Au fil des lignes de ce livre extrêmement émouvant, J.B. Pontalis nous entraîne dans son voyage intérieur, que l’on imagine avoir duré une partie de sa vie, à propos de son questionnement sur les relations fraternelles au sein de la famille. Il interpelle quiconque se trouve dans la situation d’avoir une fratrie. C’est aussi le livre d’un homme, au crépuscule de sa vie, qui pose un regard empreint de sagesse, sans pour autant faire taire la passion, sur la question du frère.
L’auteur nous entraîne à travers de nombreux exemples empruntés à la littérature, dans une riche enquête érudite sur cette question. D’une plume alerte, il nous fait part de ses recherches sur la question de la fraternité et fait s’entrecroiser les pensées des philosophes et des psychanalystes sur le sujet.

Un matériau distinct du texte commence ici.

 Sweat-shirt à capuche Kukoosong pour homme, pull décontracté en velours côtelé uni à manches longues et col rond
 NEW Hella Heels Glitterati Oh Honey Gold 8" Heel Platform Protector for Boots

J. B. Pontalis fait aussi des liens entre métaphysique et psychanalyse dans un ensemble très cohérent. Nous faisant part, au passage, de ses pensées sur l’art.

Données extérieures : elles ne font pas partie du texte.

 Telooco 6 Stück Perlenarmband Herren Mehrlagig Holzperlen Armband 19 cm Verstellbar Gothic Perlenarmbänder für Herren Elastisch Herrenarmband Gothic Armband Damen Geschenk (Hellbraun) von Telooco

En clinicien, l’auteur évoque le cas de patients qui viennent enrichir sa réflexion. Le psychanalyste reprend le dessus, apparaît alors son travail tout en finesse, comme pour surligner son cheminement personnel. On se sent très touché par les accents douloureux à propos de ce frère, toxicomane, reflet de l’autre, autre partie de soi, avec lequel il retrouve les jeux partagés de l’enfance, dont il questionne en toute honnêteté la souffrance. Ce frère aîné, fils aîné d’une même mère, dont on ne peut se défaire. Le second est-il le double de l’aîné pour la mère ou est-il unique ? A-t-il une existence en lui-même ? Quelle est la place du second pour celle-ci ? Est-il possible de partager une même mère, que devient alors la place de l’aîné ? L’indivision devient un sujet crucial. Petit à petit, se dessine au fil du livre la souffrance ressentie par un frère. Un portrait prend forme dont on découvre de plus en plus précisément les traits. Ce frère, objet de haine, dans un combat mêlé d’amour et de rejet, et la souffrance, évoquée avec délicatesse, qui en découle. Le questionnement devient alors une quête très douloureuse, dont l’auteur nous montre à quel point il est impossible d’y échapper, véritable « point focal » de toute une vie.
Ce livre qu’un psychanalyste ne peut s’abstenir de lire, nous entraîne dans des cheminements de pensées aux multiples directions.